* **THE DATA**:
□ □ □

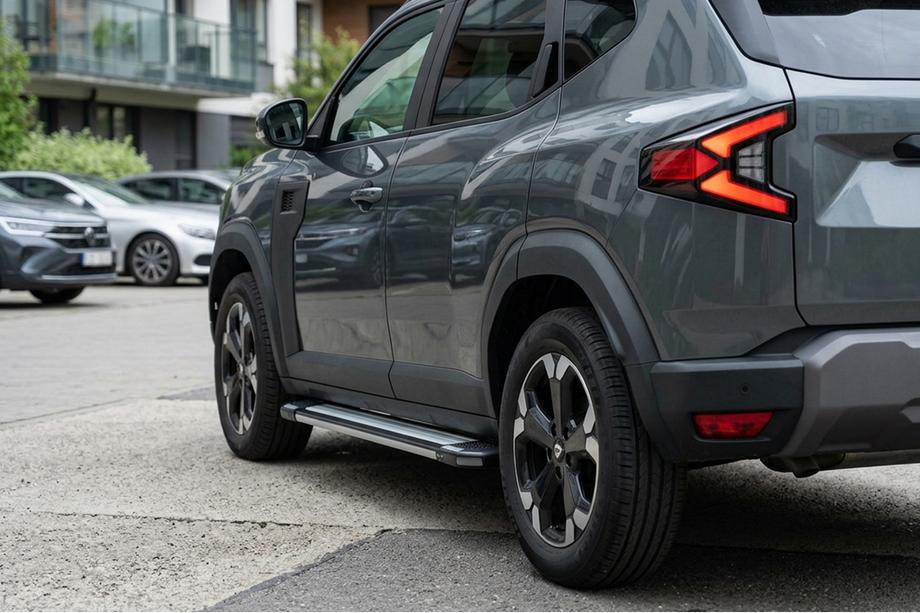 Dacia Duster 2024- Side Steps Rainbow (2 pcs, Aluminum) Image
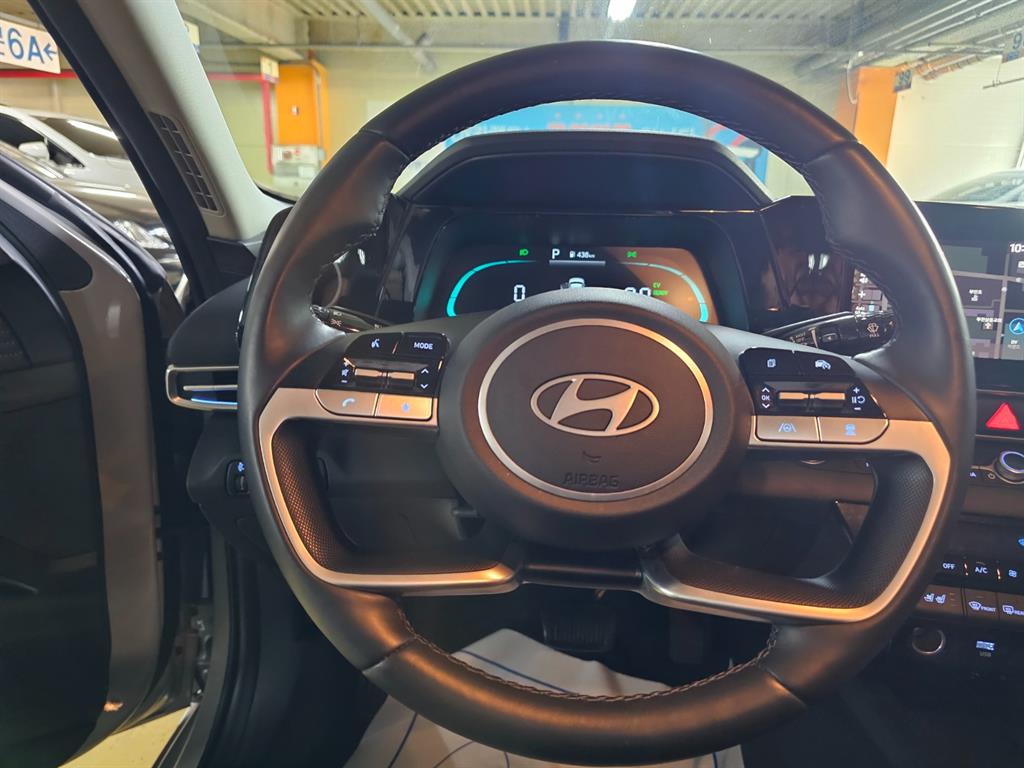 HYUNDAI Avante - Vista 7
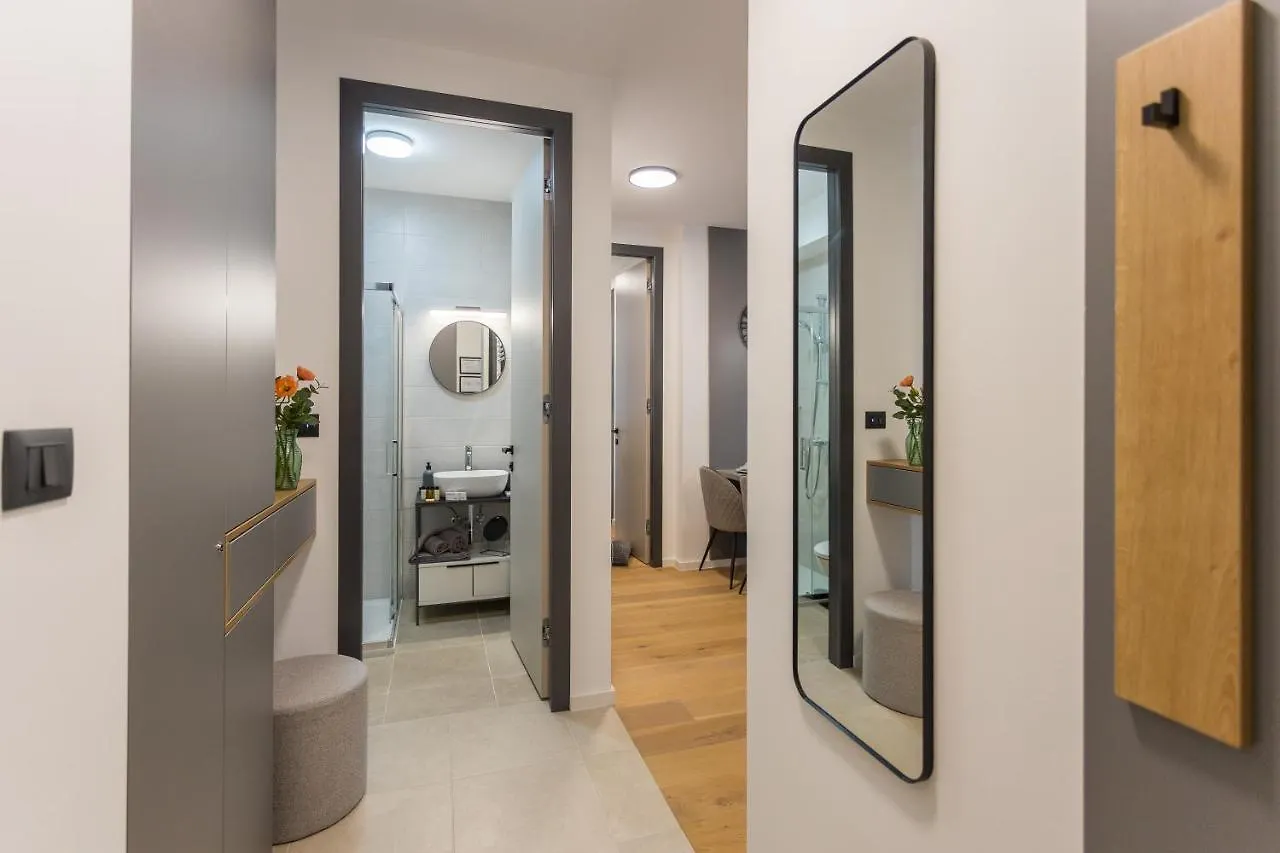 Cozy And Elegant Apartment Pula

□ □ □

* **YOUR INSTRUCTIONS**:
Give every line above again exactly, omitting whatever pictures appear.

* **ANSWER TO THIS TASK**:
 Dacia Duster 2024- Side Steps Rainbow (2 pcs, Aluminum) Image
 HYUNDAI Avante - Vista 7
 Cozy And Elegant Apartment Pula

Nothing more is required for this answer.